Mayor Marion Barry's Far Southeast Washington neighborhood has been thrown into an uproar by a city government proposal to build a 10-story, 2-million-gallon water tower at Alabama Avenue and 30th Street SE, barely six blocks from Barry's home.
More than 40 area residents turned out at a meeting of the Naylor Dupoint Advisory Neighborhood Commission recently to lobby against plans to build the bulky, silver colored, 107-foot-high tower, which they fear will dominate their quiet residential streets.
The tower would be constructed in a sloping corner of the Hillcrest Recreation Center grounds to alleviate what officials say is a serious shortage of water storage capacity in far Southeast. The unusually large crowd seemed firmly in opposition to the plan.
"What are we going to do when they take away the children's playground?" asked ANC Commissioner William J. Hickey.
"If they aren't going to put this thing on Foxhall Road [in a posh Northwest Washington street], then they shouldn't put it in any residential neighborhood," said Commissioner Barbara Hogan.
There was a general murmur of displeasure as D.C. Department of Environmental Services director William B. Johnson, also a resident of the area, showed the citizens a model of the Hillcrest area and then had one of his aides place a scale model of the proposed tower on its intended site.
"This plan is not poured in concrete," Johnson said midway through his two-hour presentation. "No final decision has been made to build this thing here." However, Johnson described circumstances indicating that the Hillcrest site was the most likely for the tower, leading one area resident to complain that holding the meeting was "like closing the barn door after the horse is out."
"What we're talking about is critically needed water storage," Johnson said. "I feel that this is my responsibility as a civil servant."
Barry, in his unofficial role as the neighborhood's First Resident, has taken no position on the water tower. He did go along with his neighbors in an earlier fight, signing a petition early last year -- in a losing cause -- to keep a Burger King fast-food restaurant out of the area.
Hogan said later in the week that the executive committee of the neighborhood commission sent a telegram to Barry expressing opposition to the plan. Four days later, they had received no response.
She said she had little faith that having the mayor as a neighbor would help keep the water tower from being built. "After all, he [Barry] has never been able to get anything done about 'God's Dump,'" she said, referring to an unsightly parcel of land that area residents have been trying to get cleaned up for years.
Johnson's presentation to try to drum up support for the tower included not only the intricate model, complete with inch-high trees and a tennis court marked off to scale, but also a 15-minute slide show describing in detail the history of the city's water system.
William Garlow, an environmental services aide, said the storage was needed to meet peak demand in the city's highest elevations east of the Anacostia River, a strip just inside the Maryland border.
The city already has 2.5 million gallons of storage capacity in the area, Garlow said, but does not believe that this is enough to meet peak summer demand. Without the tower, he said, the city would have to pump water uphill into the area during times of high demand, a process that is becoming prohibitively expensive because of the cost of fuel to run the pumps.

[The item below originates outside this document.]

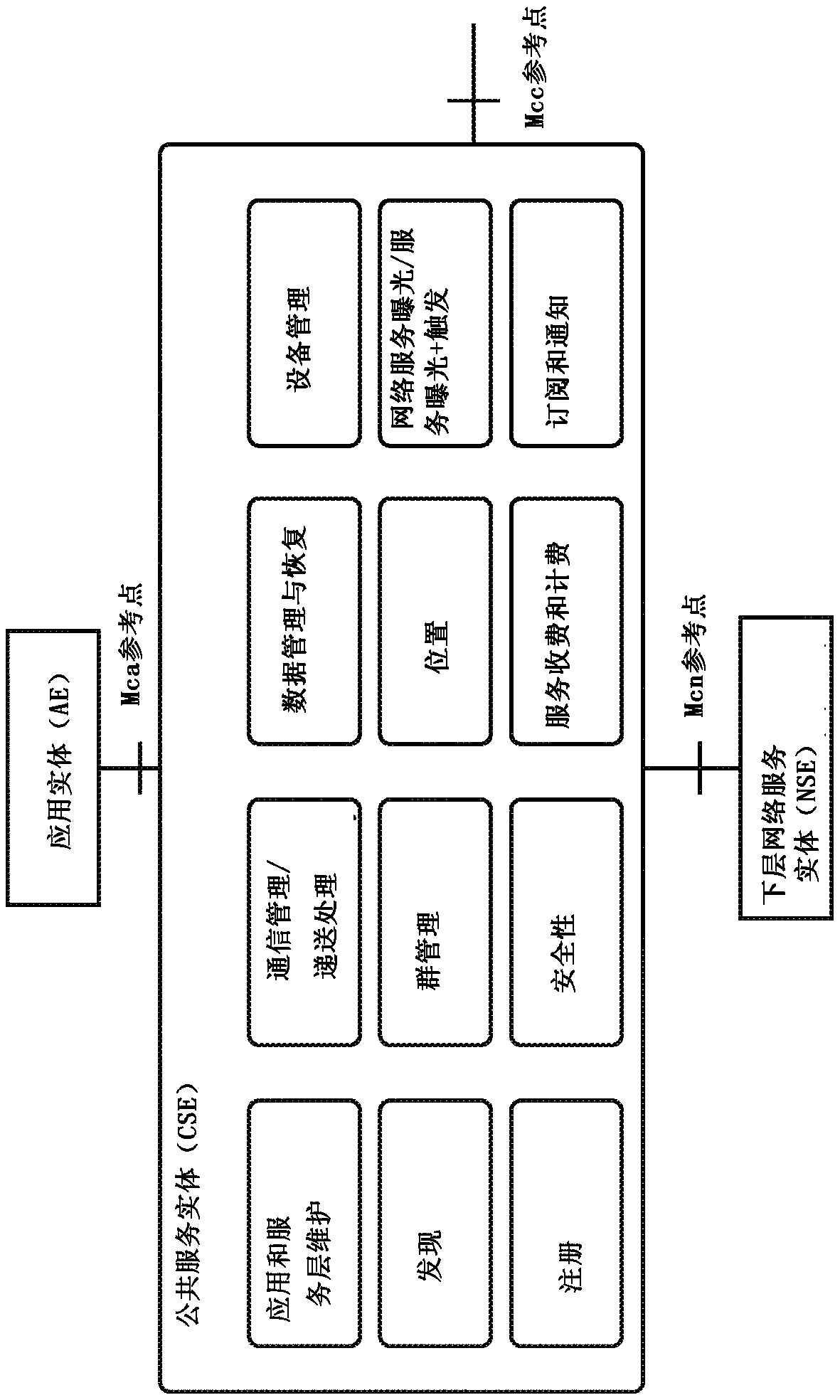 Content security at service layer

Johnson said the city had explored five other prospective sites for the tower. Two, in Fort Dupont and Fort Stanton Parks, were rejected by federal officials, he said. Two others, at Stanton and Garfield schools, have been denied by the D.C. Board of Education. The fifth potential site is at the Knox Dwellings public housing project, but city housing director Robert Moore objects to putting the tower there -- leaving the Hillcrest site.
Stanton School, at Alabama Avenue and Naylor Road SE, is already the site of a half-million-gallon water tower, and Johnson said he was still "actively pursuing" the possibility of building the new tower there. He cautioned the crowd, however, that "the school board has already turned me down twice." He said he would make yet another formal appeal before deciding that the Stanton site is lost.
Despite the city officials' assertion that the additional storage is needed, they acknowledged that they had not examined preliminary results of the 1980 census, which showed a general population decline throughout the city and seemed to indicate that population was shrinking east of the river as well. That data will be examined, Garlow said, before any final decision is made.